What are Universities For?

Thoughtful essay by Nigel Biggar:
Let me inaugurate two of lines of thought. First, one valuable gift that the arts and humanities make is to introduce us to foreign worlds: worlds made strange by the passage of time; present worlds structured by the peculiar grip of unfamiliar languages; worlds alien to us in their social organisation and manners, their religious and philosophical convictions.

Introduction to these foreign worlds confers a substantial benefit: the benefit of distance from our own world, and thereby the freedom to ask questions of it that we could never otherwise have conceived. In foreign worlds, past and present, they see and love and do things differently. And in reflecting upon that difference, it might occur to us from time to time that they see and love and do things better. So, one precious contribution of the arts and humanities is their furnishing public discourse with the critical resources of an understanding of foreign worlds, resources vital for social and cultural and moral renewal — a renewal that deserves at least an equal place alongside scientific and technological innovation.

That's my first thought.

My second thought is this. The arts and humanities not only introduce us to foreign worlds, they teach us to treat them well. They teach us to read strange and intractable texts with patience and care; to meet alien ideas and practices with humility, docility, and charity; to draw alongside foreign worlds before we set about — as we must — judging them.
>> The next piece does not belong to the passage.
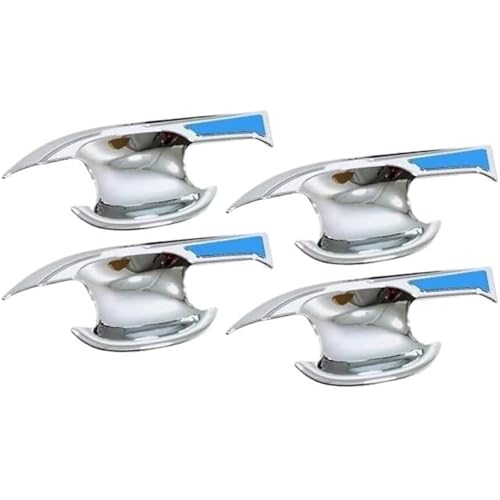 ZYftoi Außentürgriffe für Kraftfahrzeuge Auto-Außentürgriff links, Auto-Türgriff, Türschüssel-Schutzabdeckung, Verkleidung für Rav4 XA50 2019–2024(Styles2 Silver 4pcs) von ZYftoi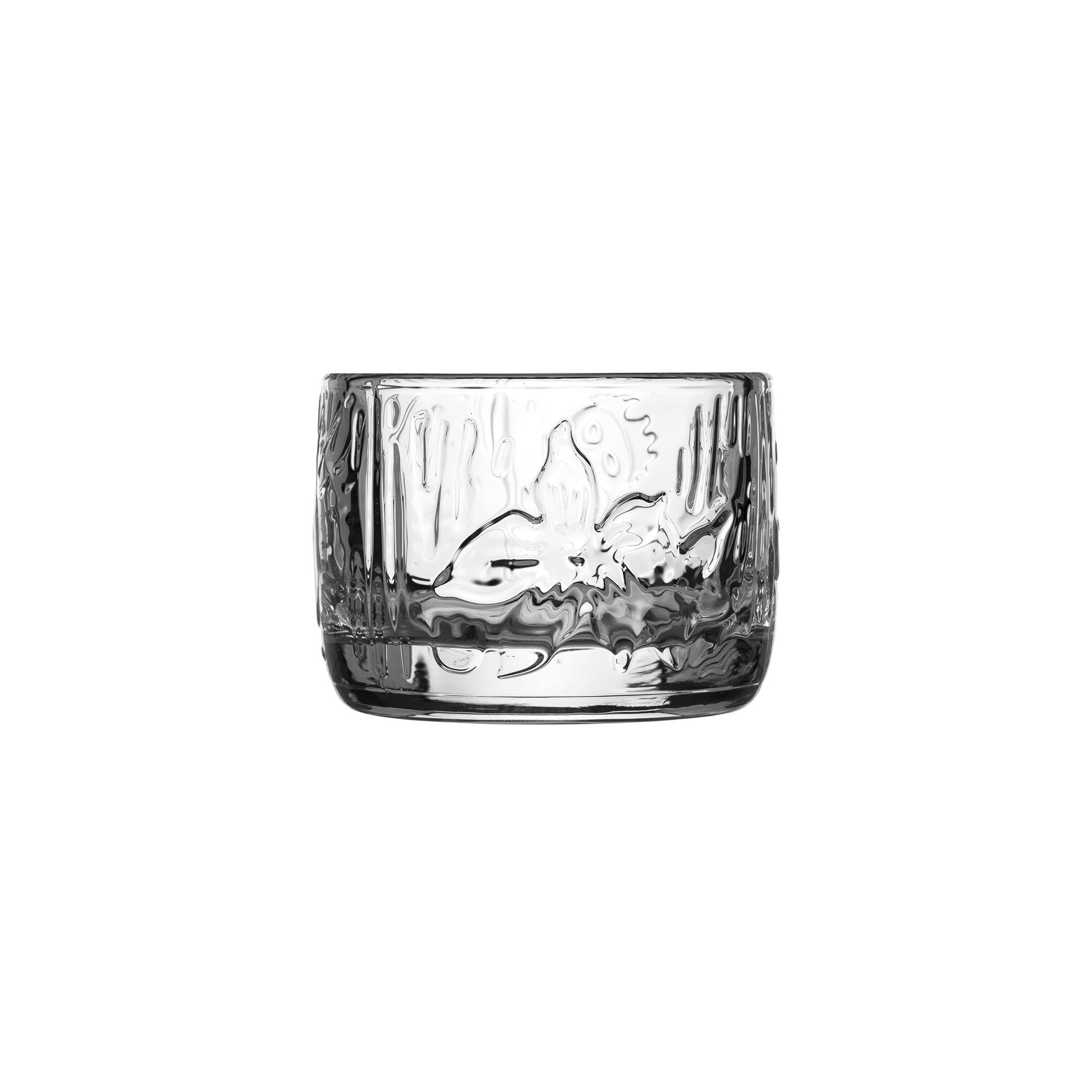 Moomin tealight candle holder 58mm clear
They train us in the practice of honest dialogue, which respects the "Other" as a potential prophet, one who might yet speak a new word about what's true and good and beautiful.

A commitment to the truth, humility, a readiness to be taught, patience, carefulness, charity: all of these moral virtues that inform the intellectual discipline into which the arts and humanities induct their students; all of these moral virtues of which public discourse, whether in the media or in Parliament or in Congress, displays no obvious surplus. All of these moral virtues, without which this country and others may get to become a "knowledge economy", but won't get to become a "wisdom society".